I've joined a support group recently to start processing some issues from my past.  At first it was really great.  It was like coming in to AA for the first time...scary, but amazing because I was hearing people telling my story...telling the stuff that I always keep deep inside or don't have words for.  But after spending a bit more time there I'm realizing how "out there" my story is...even within a support group.  I'm not trying to prove that mine was worse than anyone's or that what other ppl went through doesn't matter...but as I listened to others in the group talk about their experiences...well it's different.  I was raised by truly psychotic people.  I believe that some of what I experienced comes pretty damn close to torture.  I know I'm not the only one that's experienced stuff like this.  I know there are others who have been through much worse.  But I felt out of place in the group when people were talking about having been molested once.  It just felt like my experience is a different kind of crazy, and that's scary.

And I don't know what to do with it.

I have very caring and supportive friends through AA.  But they are very much the "get over it" types.  They understand that it's a process....they're not like some who think that because it happened a long time ago I should just let it go....but they don't want to keep listening to me be miserable/grumpy/whatever.  My sponsor is the only one who knows any detail about my story...and she knows very little.  She knows there was sexual stuff involved though, which makes her different from anyone else.  I know it upsets her though...the other day I showed her a poem I wrote and she said it was good but then she had to turn away cus she didn't want me to see her cry.  (Totally strange since she's seen me cry a bunch of times, and has been in AA for a long time where everyone talks about being open bout how you feel...but that's another story for another time).  Only a couple of others in AA know I was abused.  I know there are lots of ppl in AA that care about me, even w/out knowing...and would want me to feel good, but i'm just too overwhelmed right now to care.  I've been hiding away from everyone for days now and really have no desire to go out in the world or talk to anyone.  I'm just tired and angry and overwhelmed...and I know what i should be doing to feel better but i don't want to do any of it because I don't care.  I think being in this group is tearing away a lot of denial for me...and I didn't even realize I was still in so much denial.  I'm just really overwhelmed by the enormity of what i've been through and there's no one I can talk to about that.  (I do have an amazing friend I can talk to online about it, but I mean in my face to face life).  There's no one that wants to hear it.  Even the people who want to be supportive don't want to know the details of what I went through and I don't want them to because I don't want to see their looks of horror.

I don't know what I want...I just know I feel really really isolated right now.  I feel like I don't want to venture out into society because I don't fit in anywhere in the world.  There's no spot for me right now.

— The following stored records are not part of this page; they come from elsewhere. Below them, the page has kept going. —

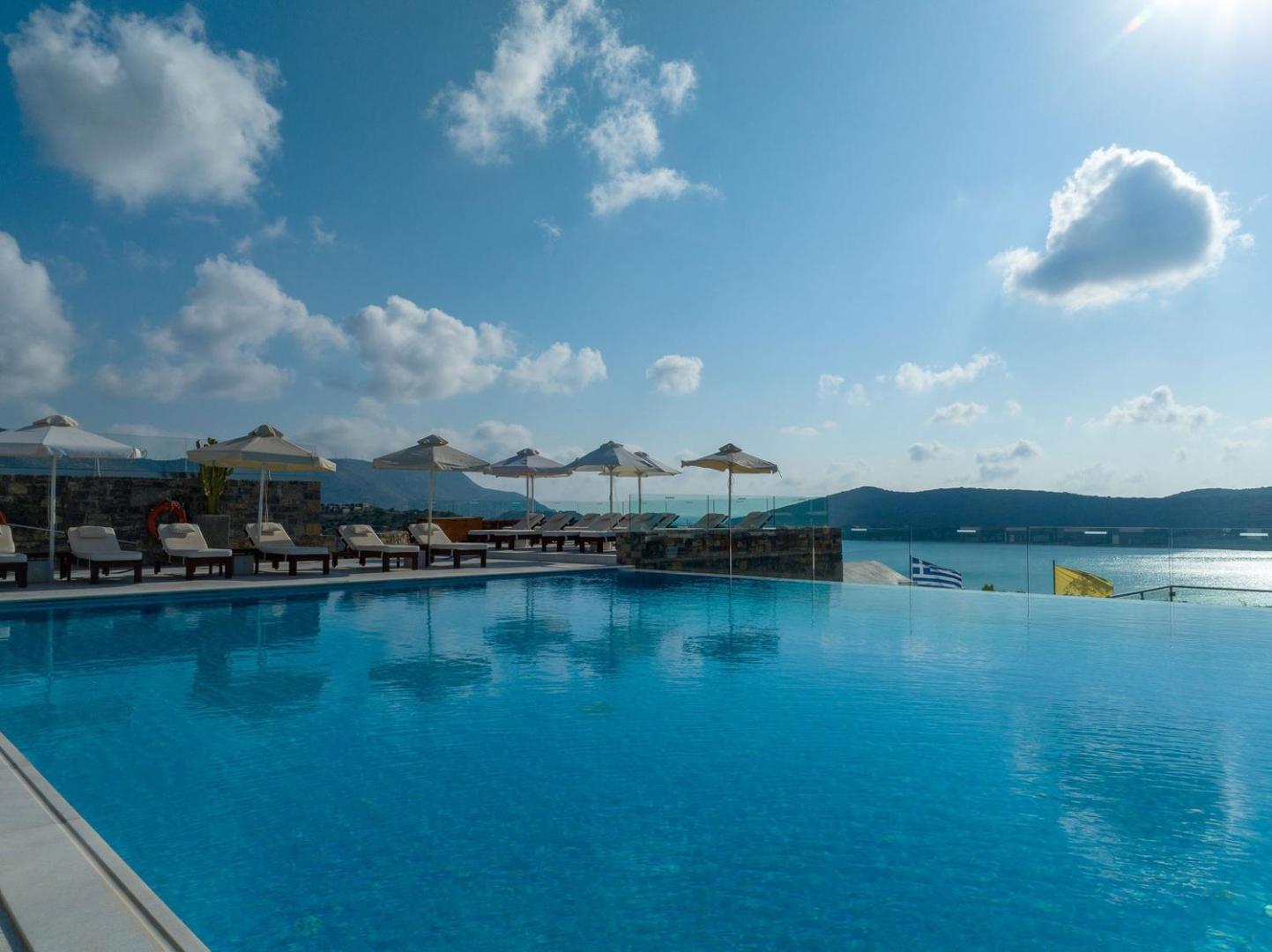 Royal Marmin Bay Boutique & Art Hotel bezgalības baseina ūdens virsma ar saules atspulgiem un saulessargiem piekrastes fonā.
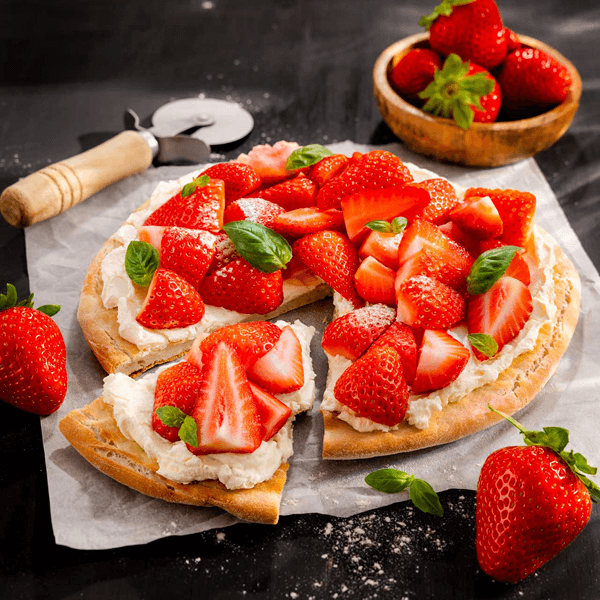 Ingredients for Strawberry Shortcake Pizza with Mascarpone arranged on a kitchen counter: strawberries, mascarpone cheese, pizza dough, butter, sugar, and vanilla extract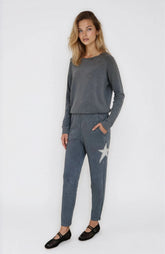 Woman wearing a gray outfit with a star design on a white background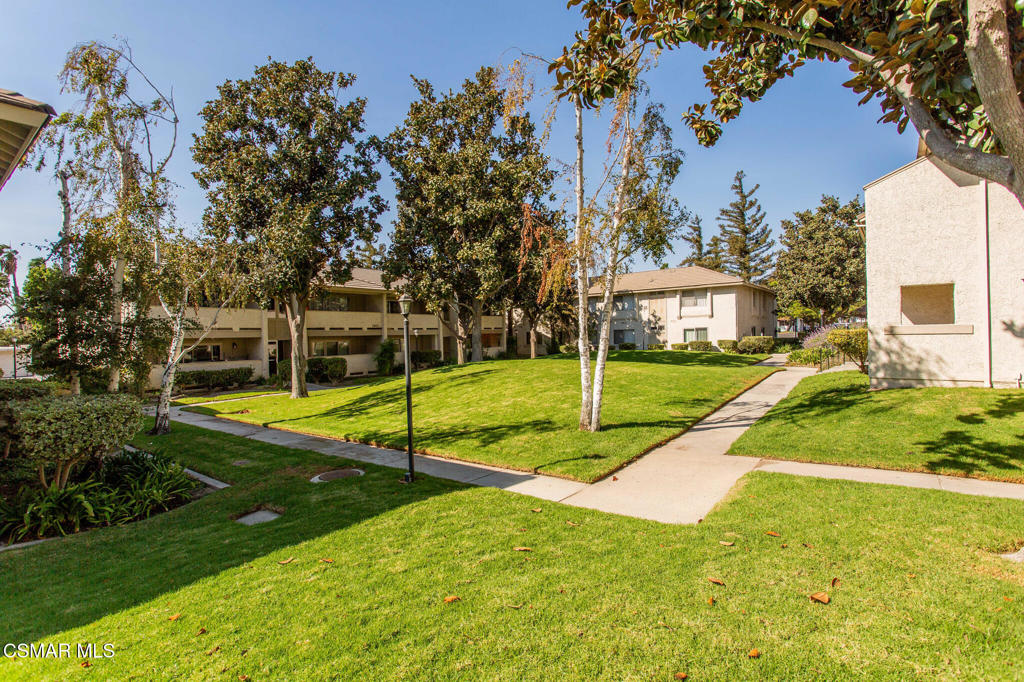 1912 Heywood Street, Unit D Simi Valley, CA 93065 - Photo 37 of 40 a view of a house with swimming pool and a yard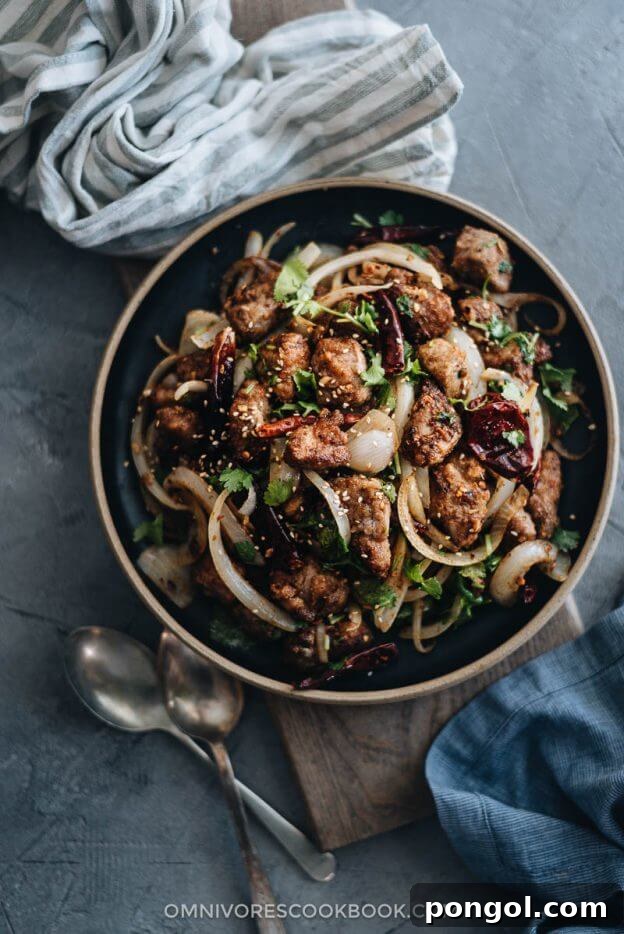 Xinjiang cumin lamb from Omnivore's Cookbook, stir-fried with peppers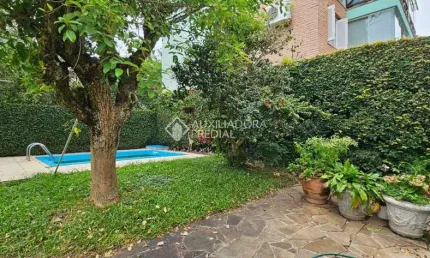 Casa em condomínio fechado com 3 quartos à venda na Rua Disnard, 41, Santa Tereza, Porto Alegre, 385 m2 por R$ 1.250.000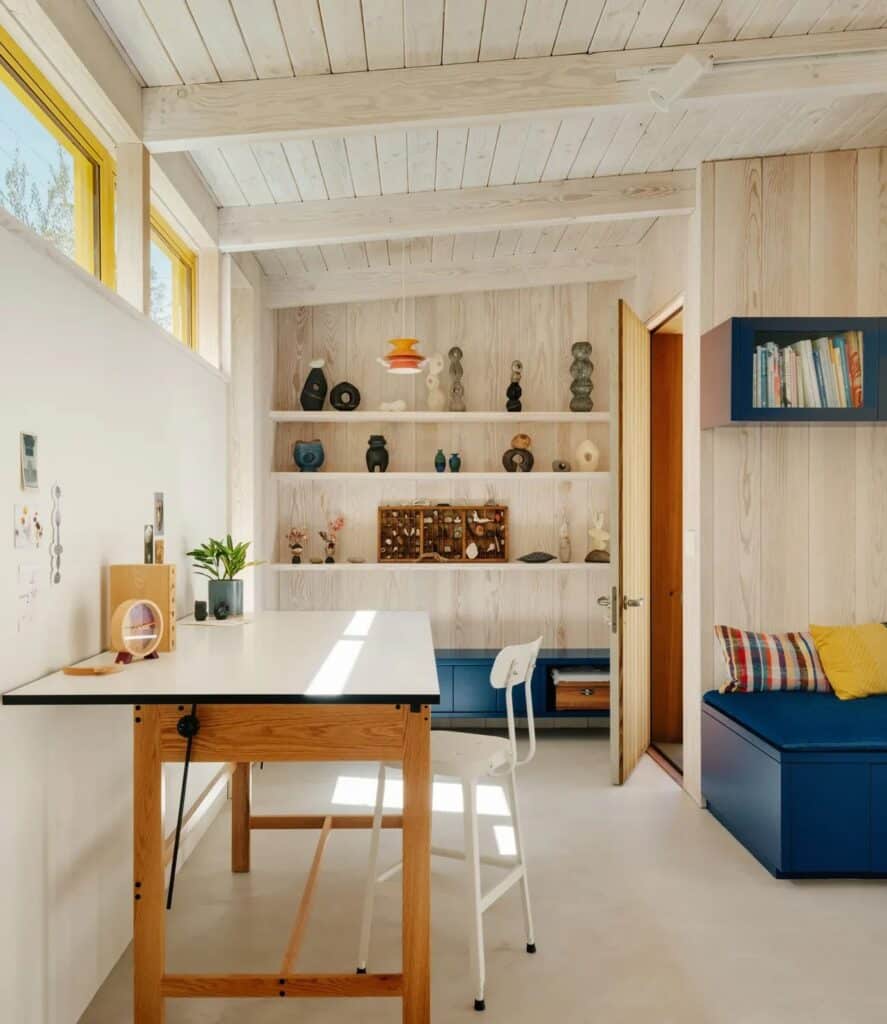 Minimalist interior of Two-Fold Studio featuring a white work table, blue storage bench, and ceramic display shelves.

I wish I'd never joined this group.  Before joining it I was happy most all the time in AA, and was finally feeling accepted and like a part of something.  Now I'm back to feeling completely alone.  I'm supposed to be getting together w/aa friends today and i think i have to go because my sponsor is hosting it but I so don't want to.  I don't want to call anyone....which is another thing i'm supposed to do when I feel like this...I just dont want to have anything to do with anyone because I feel like shit and don't want to be around people who won't get it.  And I'm sure that's selfish or whatever to say, and I know even pl who have experienced different but similar stuff can understand more than i'm giving them credit for and all that...but damnit right now i'm sick of this and i don't want to hear anyone else's crap.  Ugh I sound like an ass.

I wish someone would call me...but I'm kind of a pest usually so usually I'm the one doing the calling.  It's rare for anyone to call me...which of course makes me wonder if people are sick of me or don't want to hear from me.  I'm sure i'm overthinking it but that's in my head too.